• Collected material

-------------------------

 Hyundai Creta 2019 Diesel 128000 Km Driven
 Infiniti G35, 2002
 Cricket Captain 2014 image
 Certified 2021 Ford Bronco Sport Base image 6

-------------------------

• Work request
Return the listing exactly as it was given to you, with every line intact.

• Answer space
 Hyundai Creta 2019 Diesel 128000 Km Driven
 Infiniti G35, 2002
 Cricket Captain 2014 image
 Certified 2021 Ford Bronco Sport Base image 6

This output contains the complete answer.